Backtesting ranking systems for reliable OOS results

yuvaltaylor · November 21, 2016, 3:56pm

I’ve been studying the performance of different ranking systems over different time periods with different numbers of stocks, and measuring the correlations of the results. I thought I’d share my conclusions in case anyone’s interested.

When testing a ranking system, test the top 150 stocks, not the top 10 or 20. In my tests I compared the backtests of a portfolio of 15, 20, 30, 50, 75, 100, 150, 250, 350, and 500 stocks using weekly rebalancing (with a decent rank tolerance) over various initial time periods to a test of a 15-stock portfolio over subsequent time periods. There was a low correlation for the lower numbers, but for the portfolios of 100 stocks or greater, the correlation was high, and was highest for portfolios of 100 to 150 stocks. See attached Excel file for a correlation matrix.
Use long testing periods. Six years or more is ideal. Three years gave me low correlations except when I used 500 stocks.
Use either weekly rebalancing or rolling backtests for the largest number of tests.
If a ranking system gives you very good results with 150 stocks over a long time period, it’s likely that the top five to fifteen stocks will perform best OOS. In other words, just because you’re simulating a huge number of securities doesn’t mean that they’ll all perform just as well–the top-ranked stocks still have a strong advantage.

In addition, I wanted to give some additional advice about creating ranking systems, based on hundreds of observations. I call this the used car method. These conclusions are entirely separate from my above observations.

A robust ranking system should aim to evaluate all possible investments on every criterion that matters to you. It’s the same principle as buying a used car—you don’t buy it based solely on MPG or brake condition or age or price. You take everything into account. This is a must for risk management.
Break down your factors into components and use as many points of view as possible. Ranking on PE and growth may be better than ranking on PEG. Ranking on asset turnover, profit margin, and assets to equity may be better than ranking just on ROE. Ranking on four different growth measures, four different value measures, and four different ways of looking at free cash flow is probably going to work better than just using one. Don’t be afraid to assign low weights to ranking factors—the more factors, the more robust your results will be. There will be companies with high free cash flow margins and low free cash flow yields, or vice-versa—why not use both measures to be on the safe side?
If you have two different ranking systems that both work well, combining them into one ranking system using average weighting will usually perform significantly better than investing equal amounts in both systems.
To minimize risk, minimize risky investments. Diversification leads to diworsification, to use Peter Lynch’s term. Think of it this way: you are going to choose some used cars to buy from a lot of 200, and you have a comprehensive evaluation system. Which will be riskier, buying the top ten or the top fifty? If your evaluation system is really sound, and if you buy the top fifty, you’ll be getting a lot more duds than if you stick with the top ten.

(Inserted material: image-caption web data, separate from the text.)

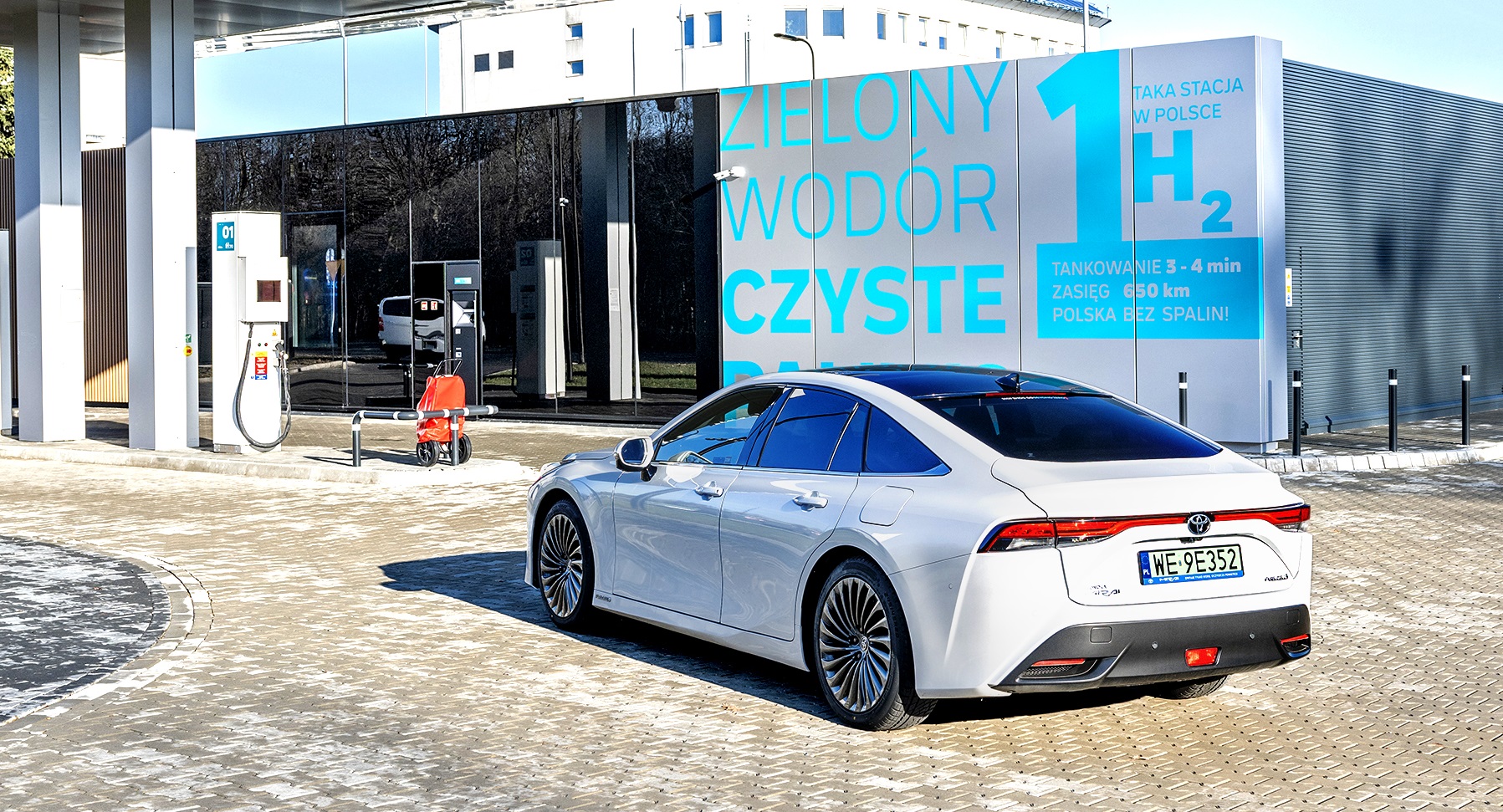 kryzys paliwowy_auto na wodor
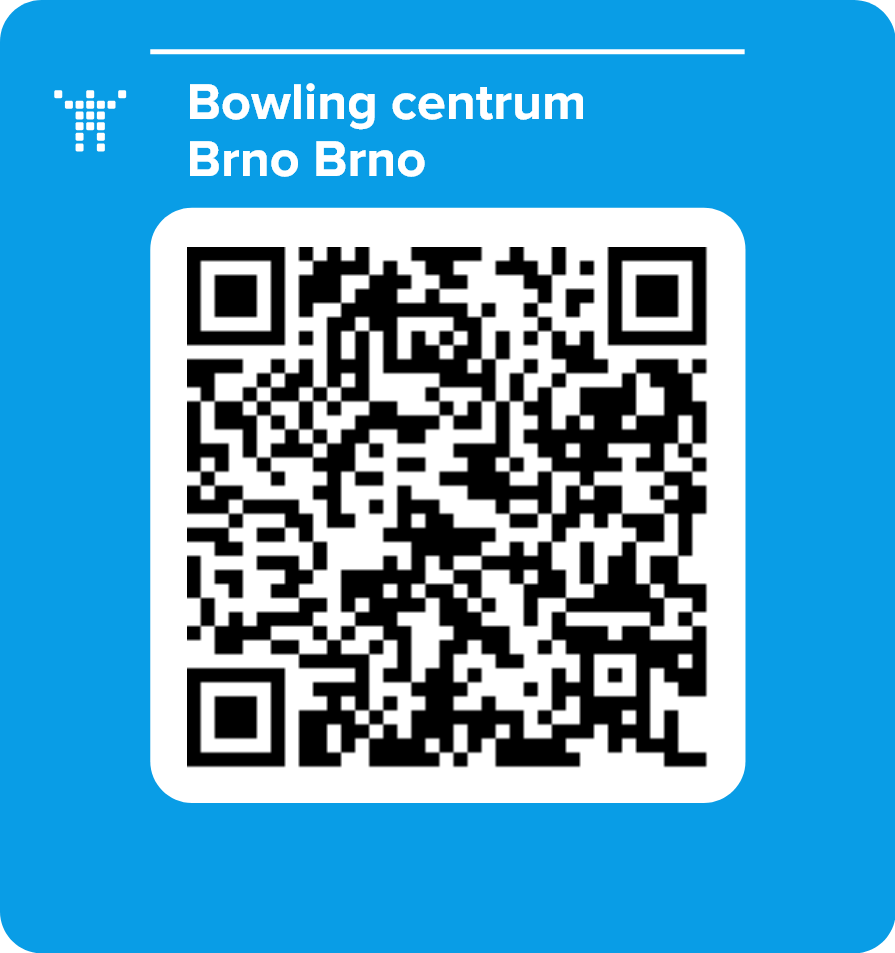 Bowling centrum Brno Brno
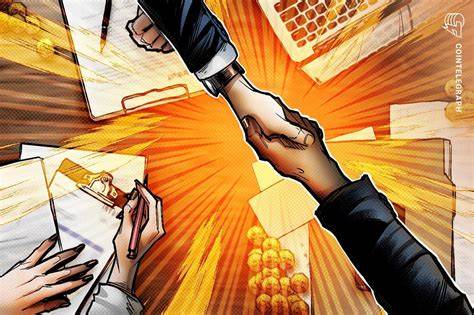  ReserveOne to go public via merger, create crypto reserve 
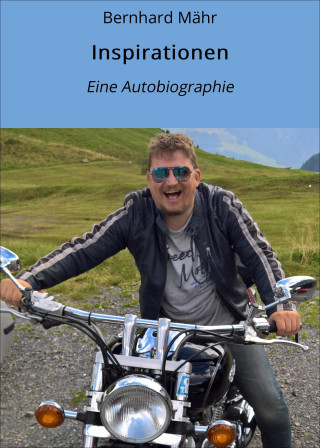 Bernhard Mähr: Inspirationen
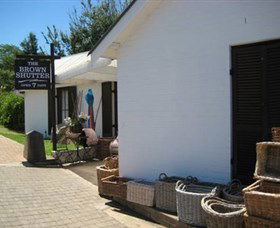 The Brown Shutter - Accommodation Perth 0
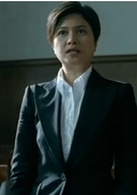 蝴蝶飞演员表陈安澜剧照图片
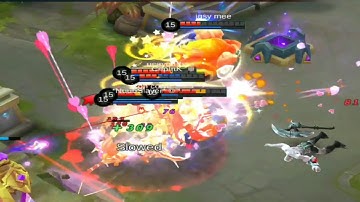 RUBY - QUEEN OF LIFESTEAL (EASY GUIDE)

correlation matrix.xlsx (13.7 KB)

Jrinne · November 21, 2016, 5:17pm

Yuval,

I’m sure this is right.

But you are obviously into the statistics.

Here is what you would really want to know, I think: If you ran an ANOVA test on the trades for each decile of your ranking system then is there a significant difference? Or alternatively, are the weekly returns from each decile of your ranking system significantly different. If so, what is the R^2? Actually pretty easy with Excel. I was doing something similar this weekend comparing the trades of several different ports to see if one port was truly superior to another. Just line up the realized trades or weekly returns for each decile next to each other and pull up the ANOVA test on the data analysis. It was educational.

Specifically I learned that it takes a lot of trades to find significance even for ports that look clearly different with very different CAGRs. But you don’t just want to know if it is significant. You also want to know the R^2. If the R^2 is low then your port may take a long time to show a profit as there is a lot of variance outside of that accounted for by your ranking system.

A linear regression with the R^2 will give you some information too.

My guess. The ranking systems with the highest R^2 and highest statistical significance will have a higher correlation to future performance–unless the market has changed.

You may think I am a statistics nut. Well, I am. But also I was doing my own sample problems after helping my daughter with her college statistics class.

Jim

yuvaltaylor · November 21, 2016, 5:55pm

Jim -

I love statistics too, but I’m self-taught, so running an ANOVA test is completely beyond me. And it isn’t clear from your post what R2 (I prefer running simple correlation tests since R2 will convert negative correlations into positive ones) you think should be run. A linear regression of what exactly? I’d love to hear your ideas. Maybe I should be running more decile and ventile tests.

Yuval

Jrinne · November 21, 2016, 8:20pm

I did not really get ANOVA until this weekend. To make matters worse there is a between-group ANOVA and within-group ANOVA.

With regard to linear regression, the attachment is the regression of a 10 bucket test of the Prussell 3000 universe for the P123 Basic: Momentum ranking system.

I contend that a better p, Better R^2 and better X Variable 1 coefficient will have a better correlation out-of-sample. Not tested; just my conjecture for now. Done on Excel.

yuvaltaylor · November 21, 2016, 8:38pm

Ah, now I see what you’re saying. It’s an interesting conjecture. But when your ranking system produces results like this, a linear regression won’t give you a very good fit.

Jrinne · November 21, 2016, 9:03pm

Yes. Part of the reason for the ANOVA. No linearity assumed just a test to see if the buckets are significantly different statistically and an R^2 can be calculated.

Also one reason for 10 buckets. This can be reduced somewhat by placing the Z-score rather than the percentile on the X-axis. It becomes more linear with the Z-score but obviously it will not make this system linear.

I have been using it for this question. I have 5 ports of a similar style. 2 are doing better than the others. One is doing particularly well. Should I start transferring money to the better performing ports? Turns out the best performing port is statistically better. But the second best port is not significantly better than the others. I have tested this in several different ways (including t-test) and I have already begun transferring money but only to the best port.

You just now got me thinking about whether the buckets are really different in a ranking system and if so the R^2 of the ANOVA helps determine how much of the variance is explained by the ranking system. Magnitude is important too, obviously.

So my finding for the ports was that about 6% of the variability in monthly returns was due to the port (the R^2). This is comparing ports with a similar style. Seems like a small number but it has been adding up.

mmasand · November 21, 2016, 9:10pm

Interesting post! Thanks yuvaltaylor and Jrinne for sharing your knowledge. If statistical tests could use the transactions to predict OOS results, it would be great if P123 added it as a standard output to improve returns for all members and help users pick better R2Gs.